(Beginning of Data in this exercise)
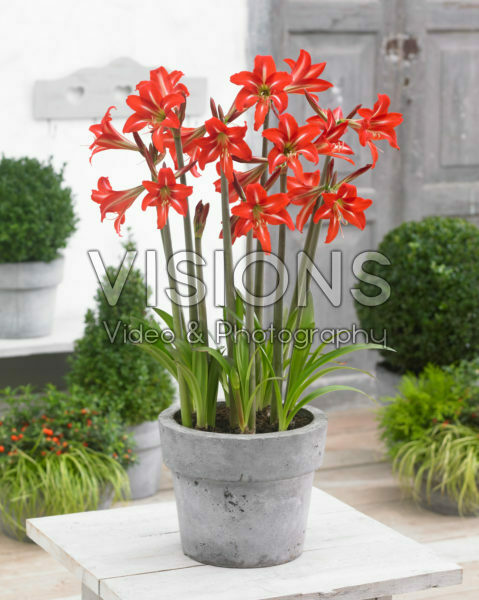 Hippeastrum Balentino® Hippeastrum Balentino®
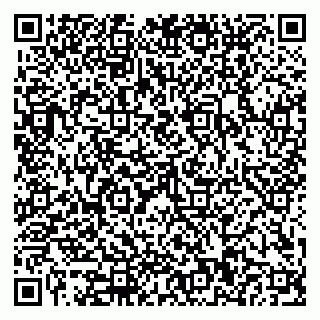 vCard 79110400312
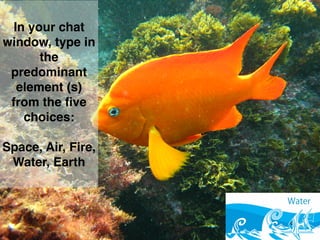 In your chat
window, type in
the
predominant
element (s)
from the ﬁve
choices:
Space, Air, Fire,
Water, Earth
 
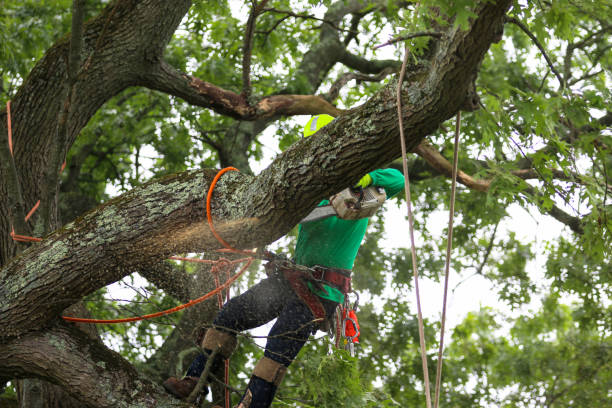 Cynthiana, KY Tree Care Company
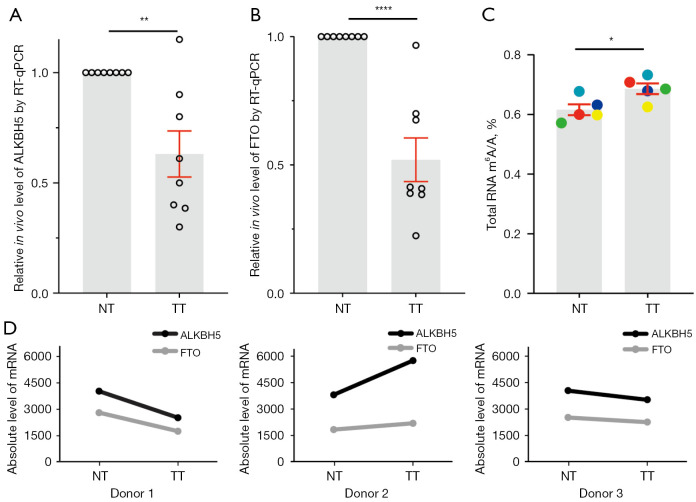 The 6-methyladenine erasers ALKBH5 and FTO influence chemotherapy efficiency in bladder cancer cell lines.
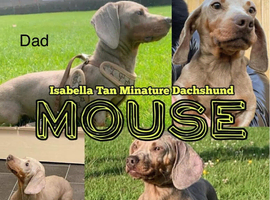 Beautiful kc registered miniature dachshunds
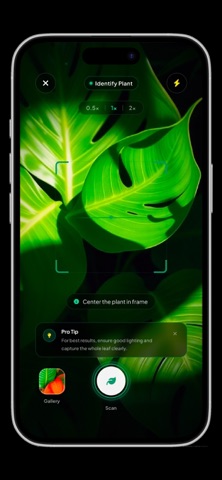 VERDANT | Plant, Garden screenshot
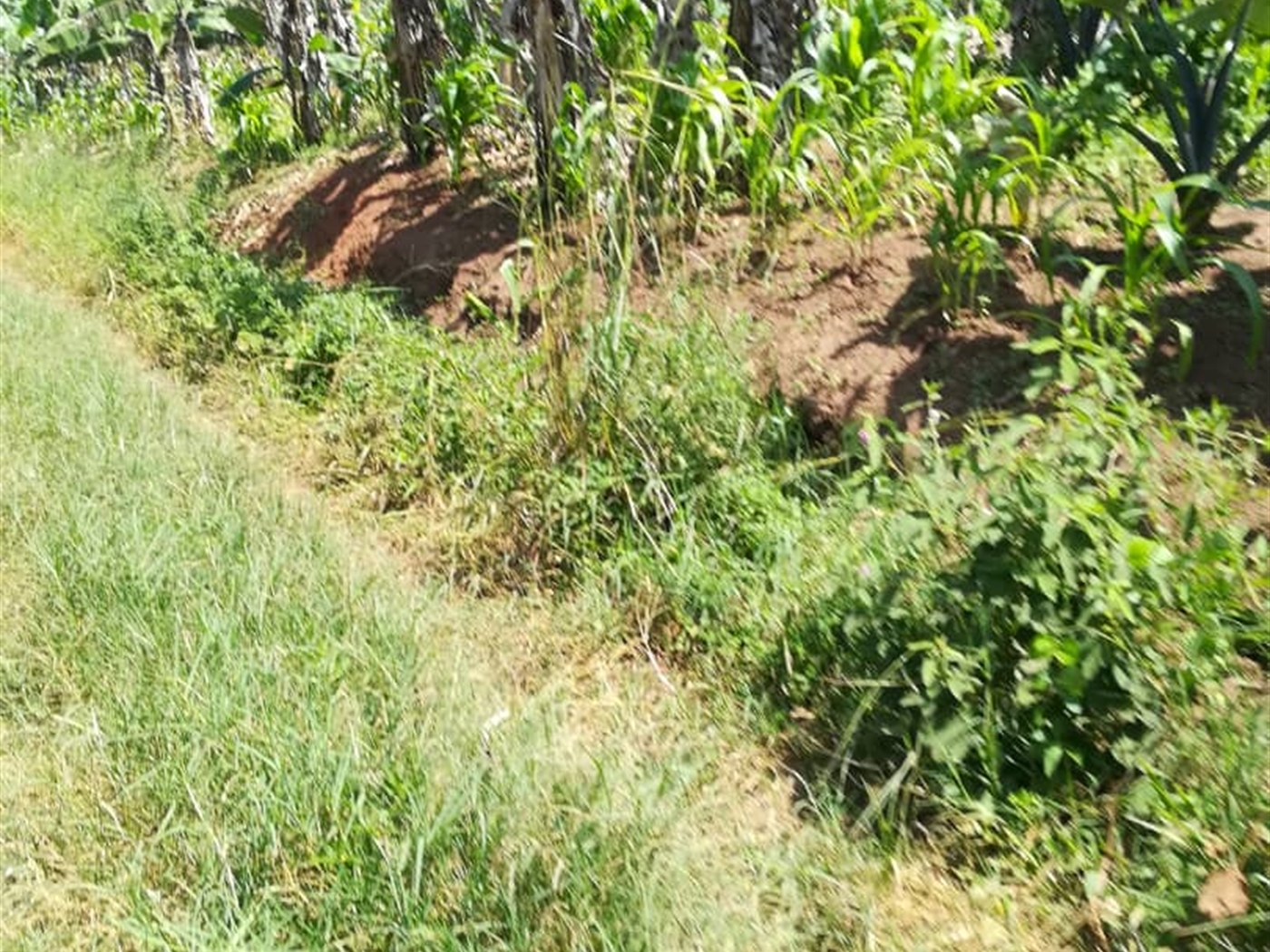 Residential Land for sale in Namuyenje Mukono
(End of Data in this exercise)
=== Description of the task ===
Write out verbatim the lines from the one containing "window, type in" through the last line of the listing above, and no other lines; omit pictures.

=== Answer section ===
window, type in
the
predominant
element (s)
from the ﬁve
choices:
Space, Air, Fire,
Water, Earth
 
 Cynthiana, KY Tree Care Company
 The 6-methyladenine erasers ALKBH5 and FTO influence chemotherapy efficiency in bladder cancer cell lines.
 Beautiful kc registered miniature dachshunds
 VERDANT | Plant, Garden screenshot
 Residential Land for sale in Namuyenje Mukono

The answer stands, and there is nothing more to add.